What this task involves = The lines running from the one that contains "Cummins ISX15 and" to the end of the records below are what to reproduce, exactly and without pictures.

Content starts

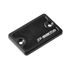 ZE86-8300 ZETA F-Brake Reservoir Cover XR/DRZ/KLX/CRF250LXT250/WRR/X Black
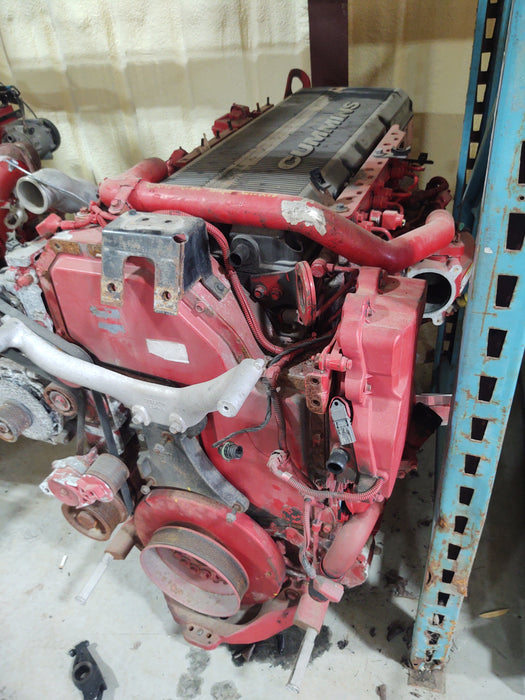 Cummins ISX15 and X15 Parts and Complete Engines for Sale - Call for Pricing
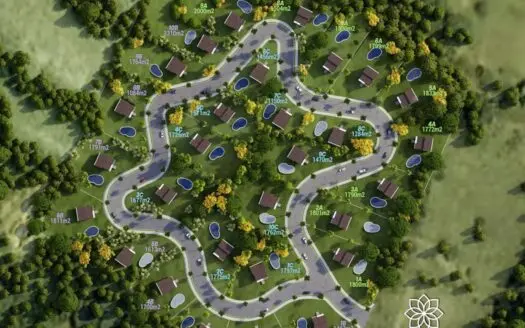 Ocean View Luxury: Modern 3 Bedroom Villa Near Playa Venao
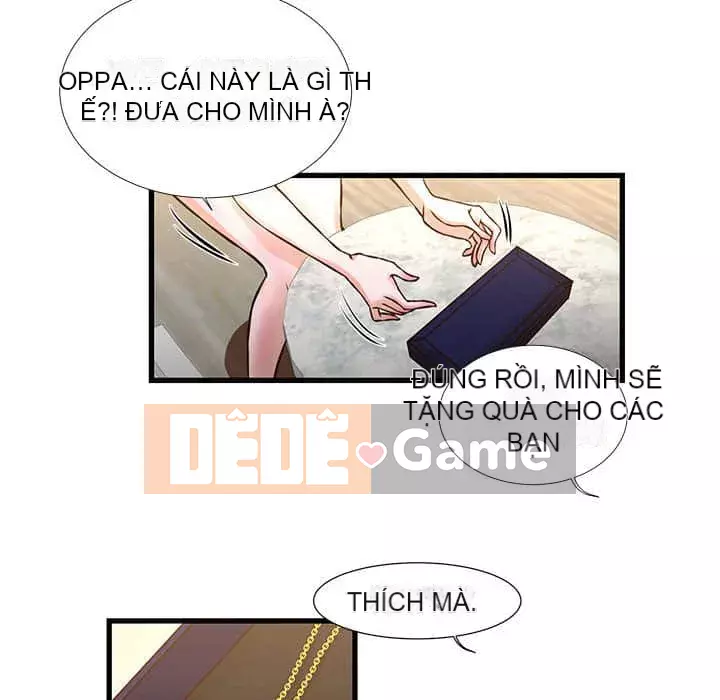 Cho một trăm triệu Chương 10-11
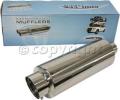 Muffler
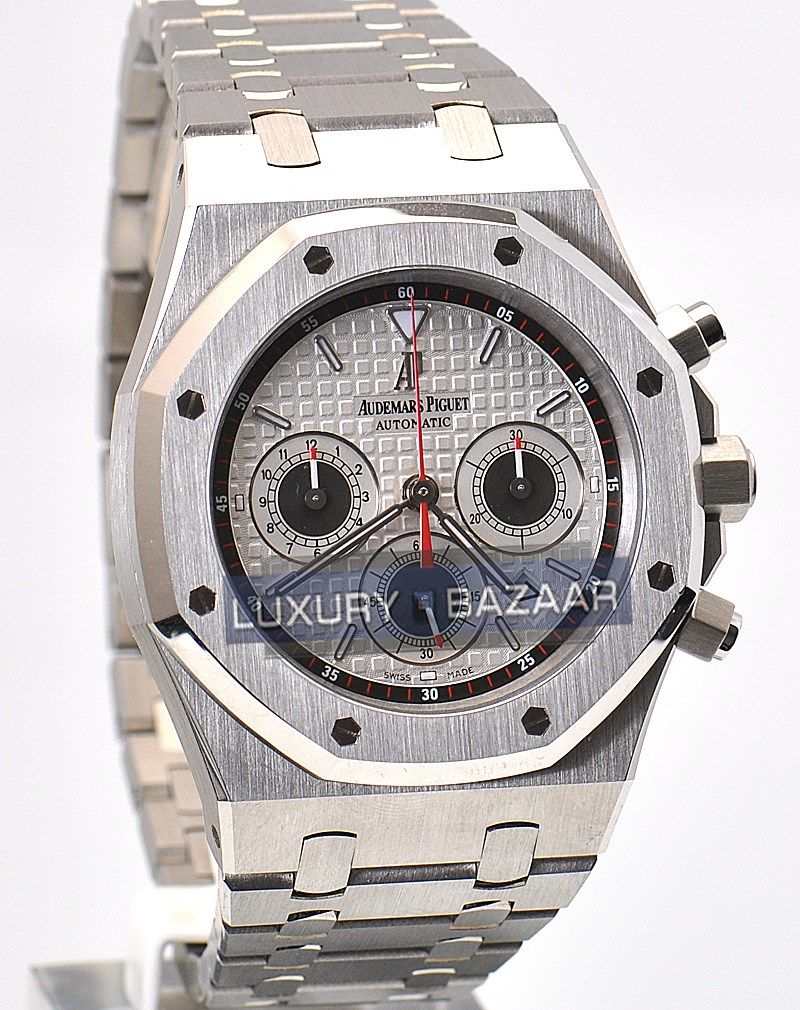 Audemars Piguet Royal Oak Chronograph 26300ST OO 1110ST 06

Content ends

Response =
 Cummins ISX15 and X15 Parts and Complete Engines for Sale - Call for Pricing
 Ocean View Luxury: Modern 3 Bedroom Villa Near Playa Venao
 Cho một trăm triệu Chương 10-11
 Muffler
 Audemars Piguet Royal Oak Chronograph 26300ST OO 1110ST 06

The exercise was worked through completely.